(Short text fragments from websites)
= Beginning of Section =
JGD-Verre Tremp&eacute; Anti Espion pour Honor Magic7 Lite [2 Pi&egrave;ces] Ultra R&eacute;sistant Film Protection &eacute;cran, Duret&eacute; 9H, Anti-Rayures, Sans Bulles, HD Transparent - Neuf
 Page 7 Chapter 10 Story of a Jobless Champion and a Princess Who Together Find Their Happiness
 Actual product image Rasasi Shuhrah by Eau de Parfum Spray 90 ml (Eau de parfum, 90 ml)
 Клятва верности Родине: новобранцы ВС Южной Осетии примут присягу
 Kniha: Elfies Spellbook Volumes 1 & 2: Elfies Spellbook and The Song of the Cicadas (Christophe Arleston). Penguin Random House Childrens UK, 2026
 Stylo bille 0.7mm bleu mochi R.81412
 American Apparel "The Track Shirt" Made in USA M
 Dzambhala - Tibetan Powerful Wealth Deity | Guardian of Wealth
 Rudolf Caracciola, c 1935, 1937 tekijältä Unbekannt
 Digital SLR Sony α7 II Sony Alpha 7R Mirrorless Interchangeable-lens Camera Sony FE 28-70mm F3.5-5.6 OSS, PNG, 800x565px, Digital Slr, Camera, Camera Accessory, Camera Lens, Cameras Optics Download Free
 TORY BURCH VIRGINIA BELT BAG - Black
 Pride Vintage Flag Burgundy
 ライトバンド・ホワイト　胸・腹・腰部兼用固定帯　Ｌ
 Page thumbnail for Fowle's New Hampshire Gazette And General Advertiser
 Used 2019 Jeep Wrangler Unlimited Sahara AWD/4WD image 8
= End of Section =
What you will do
Return every line from the one holding "Rudolf Caracciola, c" through the end of the data, exactly as it appears, with both ends kept and nothing else.

Written reply
 Rudolf Caracciola, c 1935, 1937 tekijältä Unbekannt
 Digital SLR Sony α7 II Sony Alpha 7R Mirrorless Interchangeable-lens Camera Sony FE 28-70mm F3.5-5.6 OSS, PNG, 800x565px, Digital Slr, Camera, Camera Accessory, Camera Lens, Cameras Optics Download Free
 TORY BURCH VIRGINIA BELT BAG - Black
 Pride Vintage Flag Burgundy
 ライトバンド・ホワイト　胸・腹・腰部兼用固定帯　Ｌ
 Page thumbnail for Fowle's New Hampshire Gazette And General Advertiser
 Used 2019 Jeep Wrangler Unlimited Sahara AWD/4WD image 8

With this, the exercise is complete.